In response to The Daily Post’s writing prompt: “Finite Creatures.”
It is an odd combination, but my debilitating shyness seemed to be coupled by a strange fearlessness. At the age of 15 when returning from a night of dancing I would not think twice of walking down darkened back allies if it saved me steps. I was fused with the resilience of youth and had not an inkling that any danger could ever befall me. Alive and teaming with energy and ideas was my lot.
It was not until my 40th birthday that a new notion crept into my stream of endless possibilities. There was something about the number. I remember the thought clearly. What occurred to me was 40 plus 40 is 80, suddenly I was faced with the notion that it was feasable my life was half over. This very insight put me in line with the mortal, something that up to now had not come to mind. It was shocking, some accident of nature. I felt no different than I ever had. I was ageless, I felt no connection what so ever to this idea of anything being half over. But I could not deny that the number that now described some part of my experience was 40, half of 80. It was a conundrum that sat quietly in the corner of my mind, and whispered words of concern to a presence that stood in defiance of the whole idea. A “head to head” was in the making.

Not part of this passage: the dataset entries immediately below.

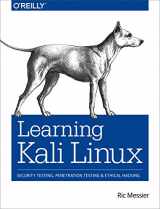 9781492028697-149202869X-Learning Kali Linux: Security Testing, Penetration Testing, and Ethical Hacking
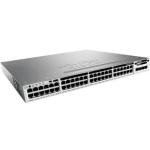 Cisco Switch C9300-48T-A : Scalable Stacking , AI-Driven Analytics & Secure SDN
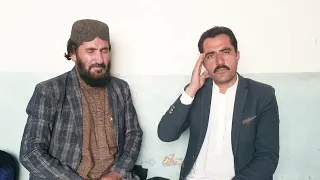 دہ حاجی شریف اللہ پہ خواژہ جادوگر ژغ کی شائستہ ترنم  دہ حاجی شریف اللہ پہ خواژہ جادوگر ژغ کی شائستہ ترنم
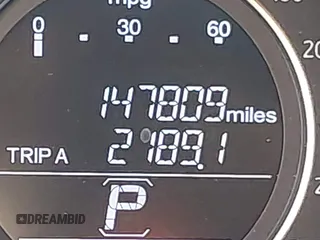 2013 Honda Accord Sdn EX-L with VIN 1HGCR2F86DA272193, listed as a IAAI auction lot 41873222 with 147,809 mi miles. Bid and sale history available at carsss.com. Image 15.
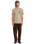 Liquor Locker T-Shirt in Brindle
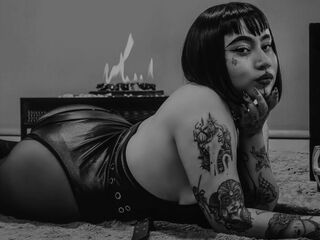 bdsm girl webcam show JessYves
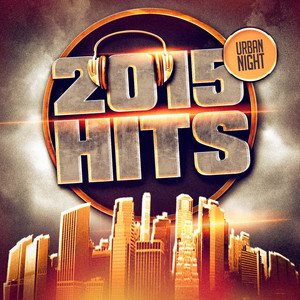 2015 Hits (Urban Nights) Albumcover
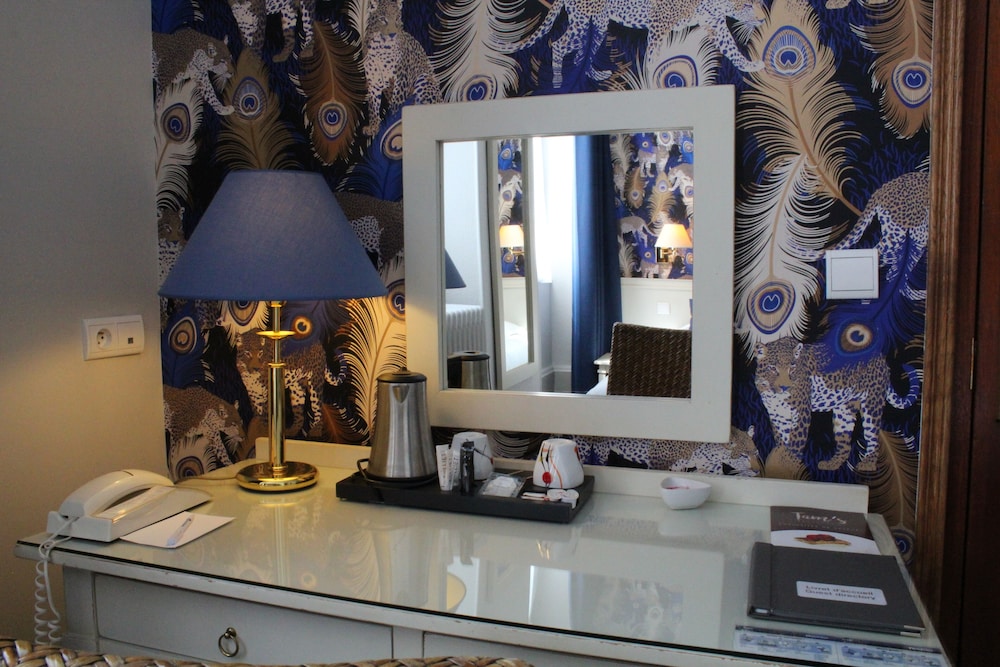 Best Western De Diane 48/60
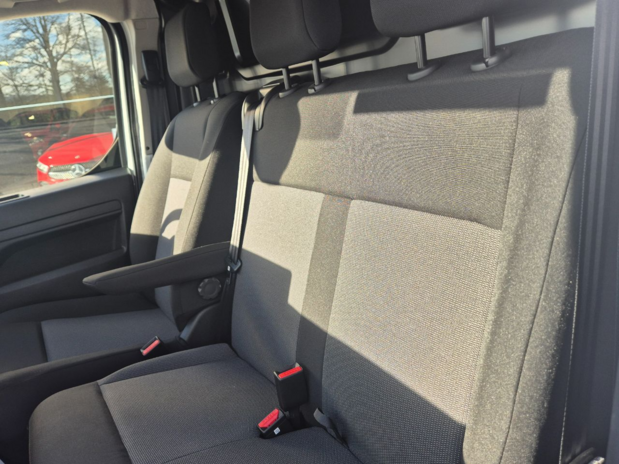 Fiat Scudo L1 Van Mjet III 1.5L 120PS Manual *PRE-REG* 9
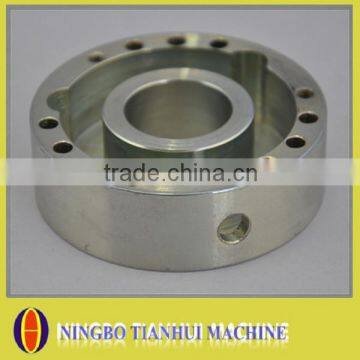 Carbon Steel CNC Milling Part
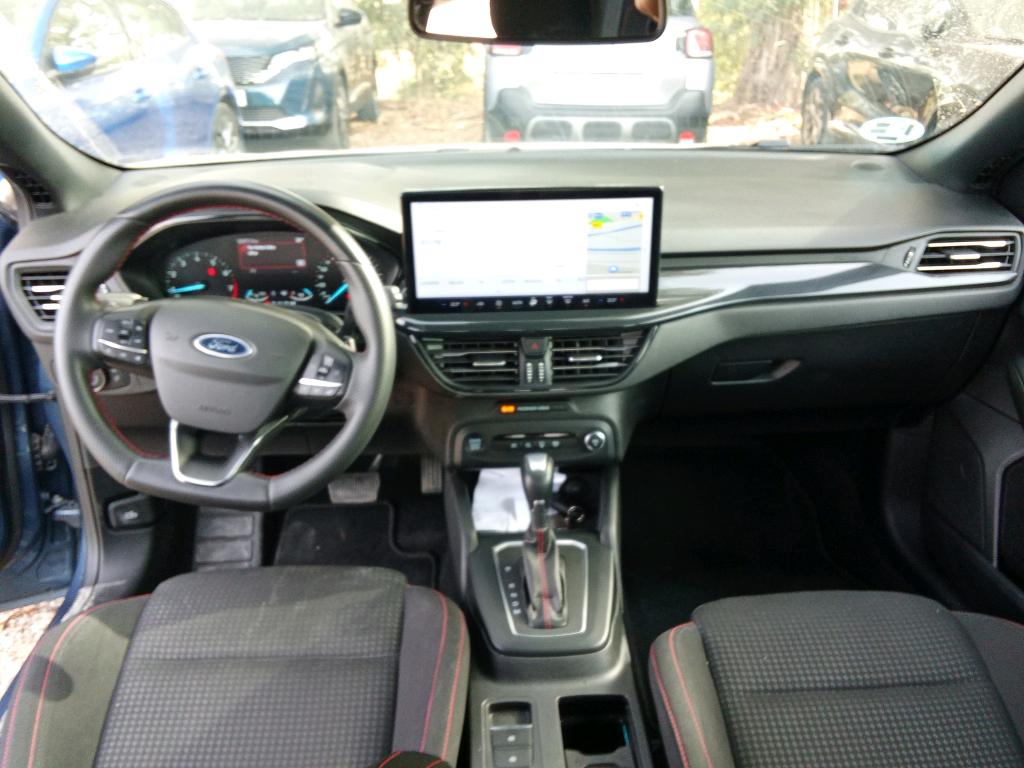 Foto Ford Focus 3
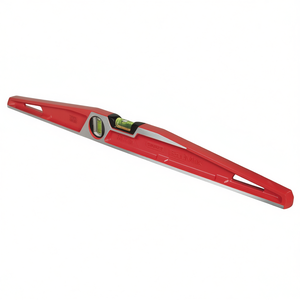 Livella Fatmax Mlh de 60 cm de Grado Profesional con Vial para Tareas de Medición y Alineación de Precisión - Product Image 2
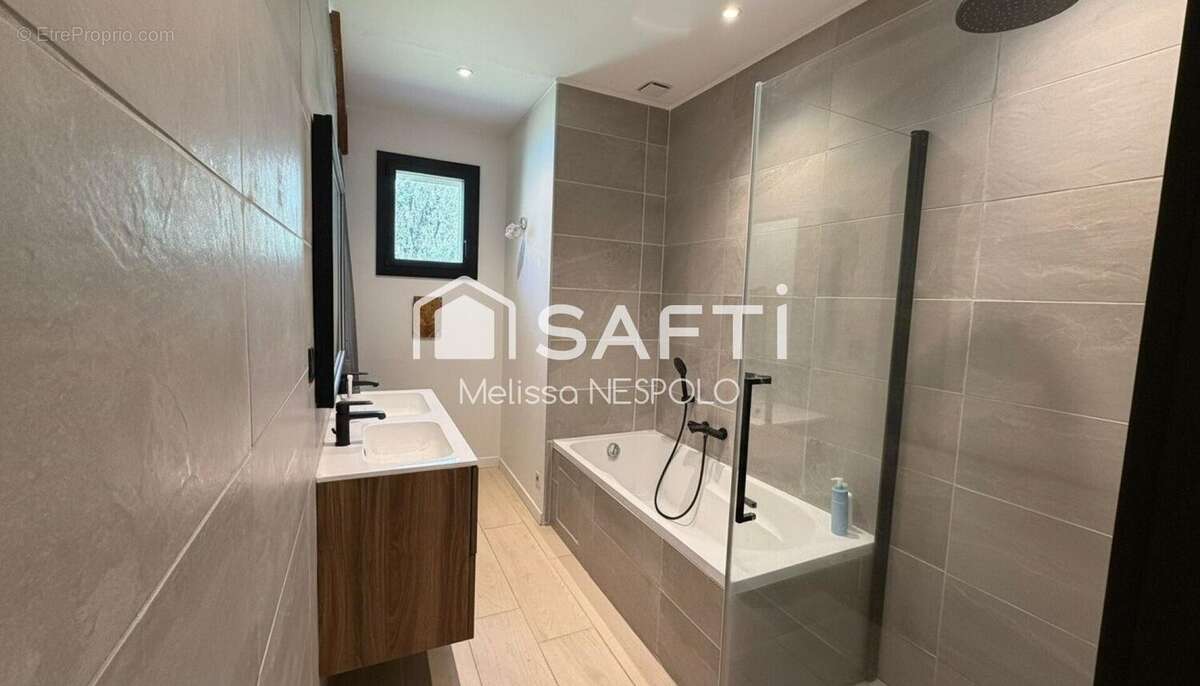 Photo 7 - Maison à SAIGUEDE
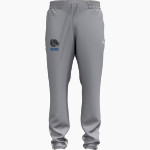 Woodburn Bulldogs <span class="pdp-name-mascot">Woodburn Bulldogs</span> UA Men's Rival Stretch Woven Pants Front Thumbnail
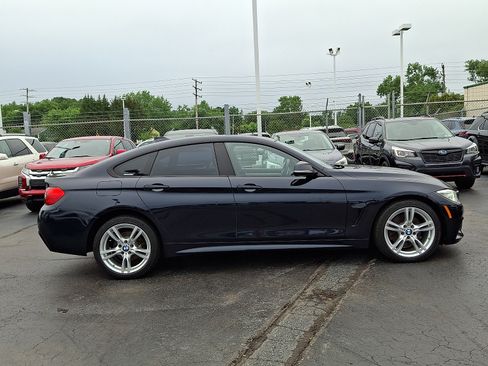 Used 2015 BMW 428i Gran Coupe xDrive AWD/4WD image 7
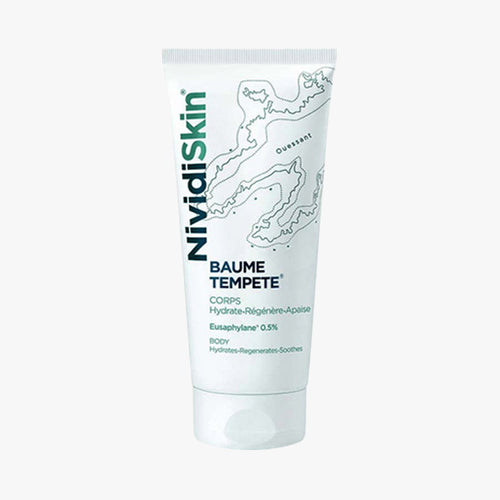 Baume Tempête body and face - Nividiskin - Armor-lux - 1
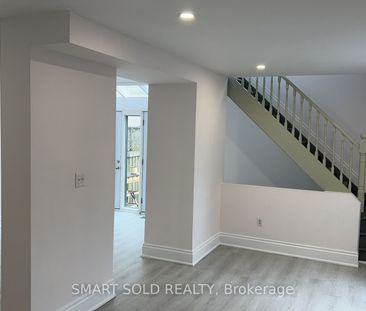 For Lease - 42A Amelia Street, Toronto, Ontario - Photo 1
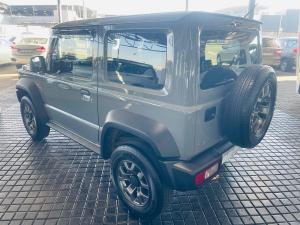 Suzuki Jimny 1.5 GL AllGrip 3-door auto - Image 5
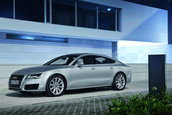 Audi A7 Sportback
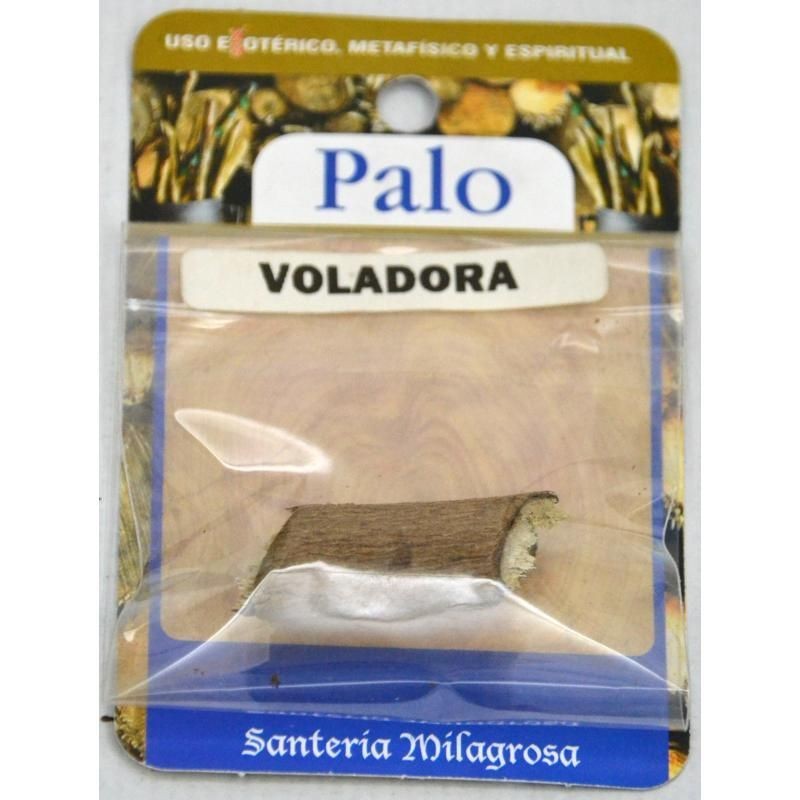 PALO Voladora (Prod. Ritu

Well, I am back at feeling ageless, and I do not remember how long I was plagued by the gross idea of mortality, but it got old (pardon the pun) and I must have eventually dropped it. Instead, I ‘ve developed a new found respect for this body that is what my consciousness has to play with. I may treat it a bit gentler and give it considerations that were in the exuberance of youth overlooked. It appears my body is embroiled with some sort of chronological dance, but that is not me. I am back to being immortal. That which animates me is spirit and energy which may transform but not de-vaporise. So upward and onward. Enjoy the dance and if you choose, jump on this band wagon of waking up to the knowledge that eternal awareness lives on.